So essentially you need to lift those state up the tree that are being used up the Siblings component as well. So you first implementation where you store the selectedItems as a state in the RightContainer is completely justified and a good approach, since the parent doesn't need to know about and this data is being shared by the two child components of RightContainer and those two now have a single source of truth.
As per your question:
As feasible alternative I thought of adding a _selected property to
each item in state.right.data in MainContainer and pass the select
callback three levels down to SelectableList, handling all the
possible actions in MainContainer
I wouldn't agree that this is a better approach than the first one, since you MainContainer doesn't need to know the selectedItems or handler any of the updates.

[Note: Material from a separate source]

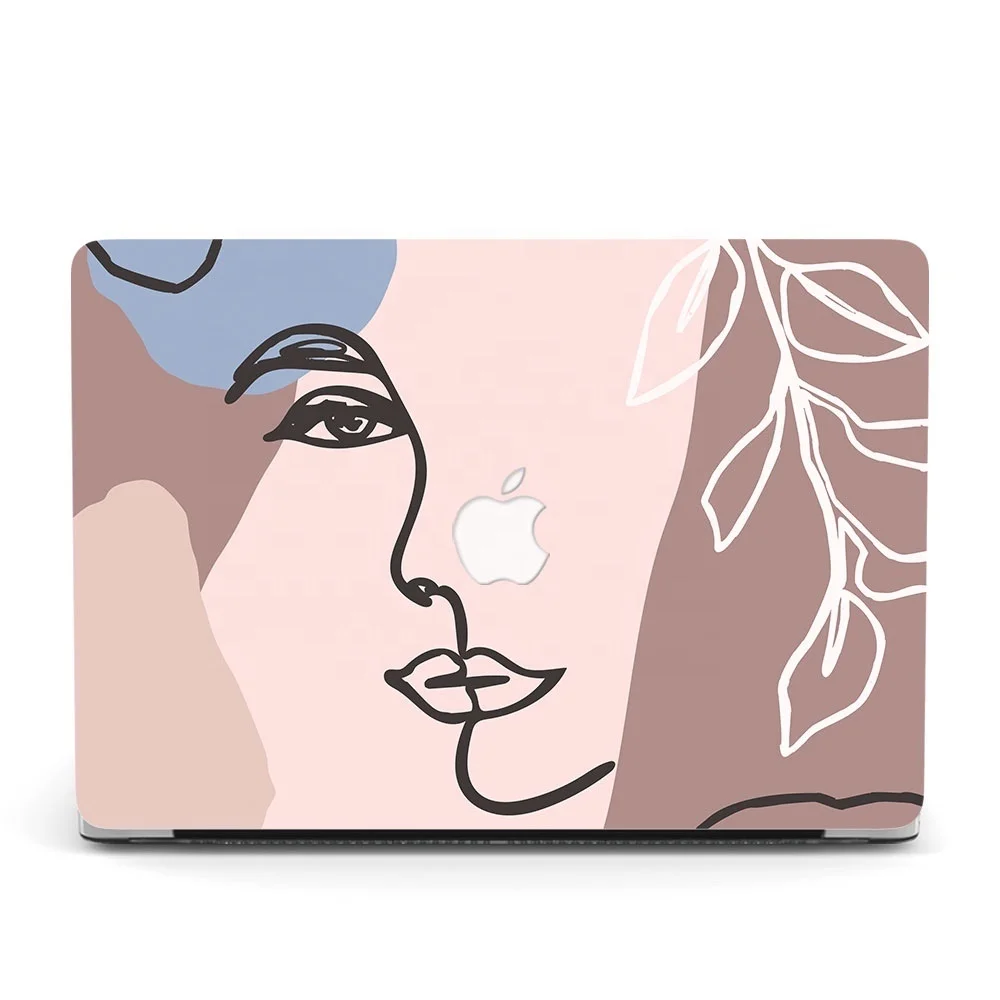 Custom UV Printing Abstract Women Face Cover Case for MacBook Pro 13 Inch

MainContainer isn't doing anything about those states and is just passing it down.
Consider to optimise on performance, you yourself talk about implementing a shouldComponentUpdate, but you can avoid that by creating your components by extending React.PureComponent which essentially implements the shouldComponentUpdate with a shallow comparison of state and props.
According to the docs:
If your React component’s render() function renders the same result
given the same props and state, you can use React.PureComponent for a
performance boost in some cases.
However if multiple deeply nested components are making use of the same data, it makes sense to make use of redux and store that data in the redux-state. In this way it is globally accessible to the entire App and can be shared between components that are not directly related.
For example consider the following case
const App = () => {
<Router>
<Route path="/" component={Home}/>
<Route path="/mypage" component={MyComp}/>
</Router>
}
Now here if both Home and MyComp want to access the same data. You could pass the data as props from App by calling them through render prop. However it would easily be done by connecting both of these components to Redux state using a connect function like
const mapStateToProps = (state) => {
return {
data: state.data
}
}
export connect(mapStateToProps)(Home);
and similarly for MyComp. Also its easy to configure actions for updating relevant informations
Also its particularly easy to configure Redux for your application and you would be able to store data related to the same things in the individual reducers. In this way you would be able to modularise your application data as well
My honest advice on this. From experience is:
Redux is simple. It's easy to understand and scale BUT you should use Redux for some specific use cases.
Since Redux encapsulates your App you can think of storing stuff like:
current app locale
current authenticated user
current token from somewhere
Stuff that you would need on a global scale. react-redux even allows for a #connect decorator on components. So like:
#connect(state => ({
locale: state.locale,
currentUser: state.currentUser
}))
class App extends React.Component
Those are all passed down as props and connect can be used anywhere on the App. Although I recommend just passing down the global props with the spread operator
<Navbar {...this.props} />
All other components (or "pages") inside your app can do their own encapsulated state. For example the Users page can do it's own thing.
class Users extends React.Component {
constructor(props) {
super(props);
this.state = {
loadingUsers: false,
users: [],
};
}
......
You would access locale and currentUser through props because they were passed down from the Container components.
This approach I've done it multiple times and it works.
But, since you wanted to really consolidate the knowledge of React first, before doing Redux you can just store your state on the top-level component and pass it down to the children.
Downsides:
You're gonna have to keep passing them down into inner level components
To update state from the inner level components you're gonna have to pass the function that updates the state.
These downsides are a little boring and cumbersome to manage. That's why Redux was built.
Hope I helped. good luck
By using Redux you can avoid such callbacks and maintain the whole state in one single store - so make your parent component connected component - and make left and right components dumb ones - and just pass in the props you get from parent to child - and you don't have to worry about callbacks in this case.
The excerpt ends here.